O presidente venezuelano, Nicolás Maduro, anunciou que seu país também daria permissão para que petroleiras explorassem a região. A situação gerou receios de uma escalada para um conflito armado que ambos os países negaram.

“Damos as boas-vindas aos venezuelanos. Somos irmãos dos dois lados da fronteira. Estamos tristes por eles. Estão fugindo do seu país. Mas não queremos Maduro, a corrupção, a pobreza. Como ele pode pretender governar aqui?”, questiona ele.

Quase sete milhões de venezuelanos deixaram o seu país fugindo da crise e milhares cruzaram a fronteira para a Guiana. Muitos deles trabalham nas minas de ouro da região.

– Preços disparados –

Os habitantes de Arau vivem da exploração do ouro e da agricultura de “subsistência”, explica Lindon Cheong, um descendente de chineses de 53 anos, mostrando a casa que foi “construída pelas suas próprias mãos”.

O homem, que chegou à região há 17 anos, acredita que o governo da Guiana abandonou Essequibo.

“Para onde vai o dinheiro?”, questiona, ressaltando que o ouro está se tornando escasso. “Ontem eu mal fiz meio litro de ouro em oito horas de trabalho. São 1.000 dólares guianenses” (US$ 0,50 ou R$ 23,36, na cotação atual).

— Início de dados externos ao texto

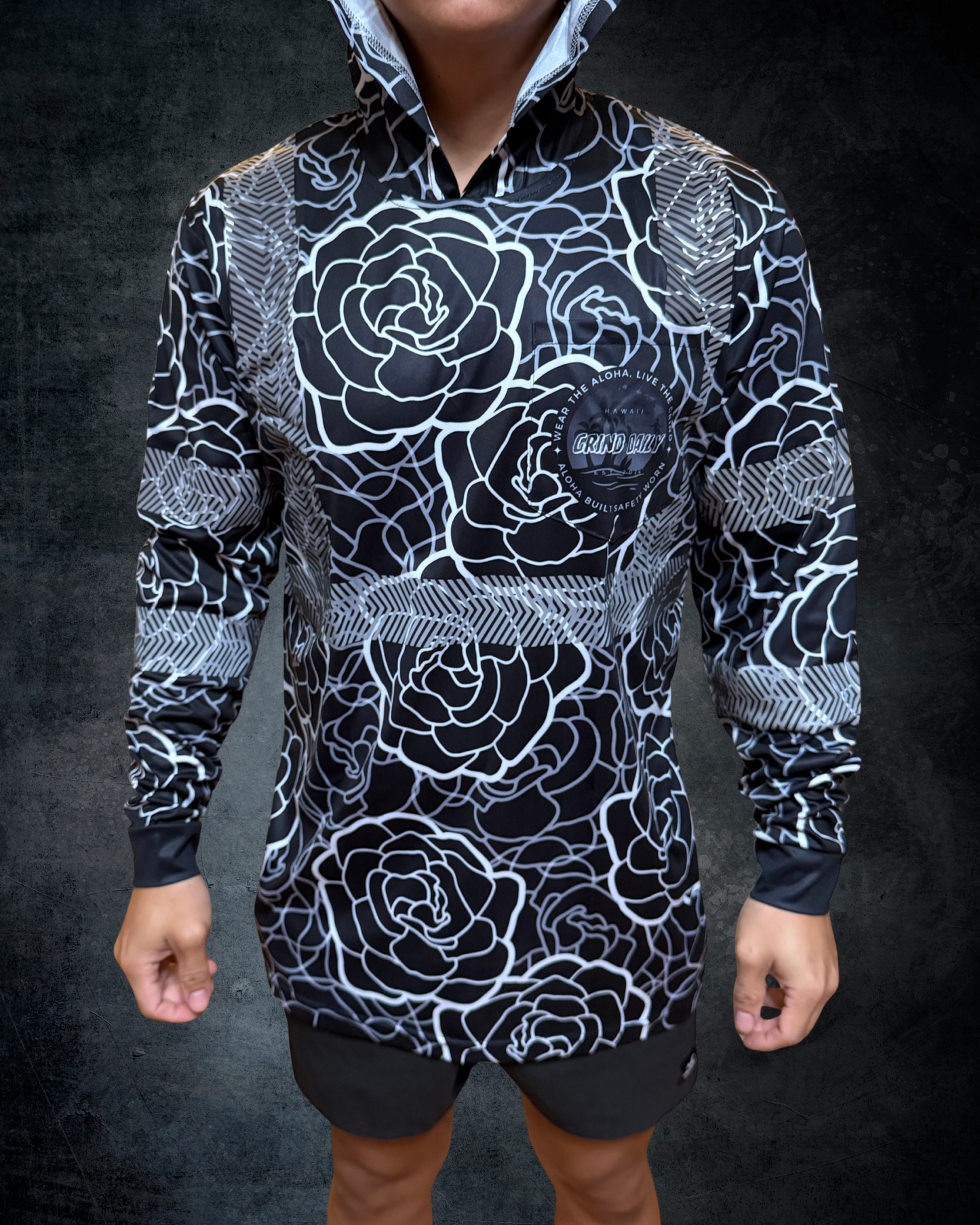 Black Gardenia Reflective Hoodie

Desde setembro, os militares venezuelanos também cobram de navios que abastecem a cidade através do rio Cuyuni e os preços dispararam. Uma garrafa de Coca-Cola, por exemplo, custa US$ 10 dólares (R$ 49,15)e a gasolina passou de US$ 10 por cinco galões (19 litros) para 350 (R$ 1.720).

“Estamos lutando para viver”, diz Cheong, que também instalou uma bandeira da Guiana em seu jardim. “Maduro pode fazer o que quiser. Mas aqui está a bandeira da Guiana. A da Venezuela nunca balançará em Arau”, completou.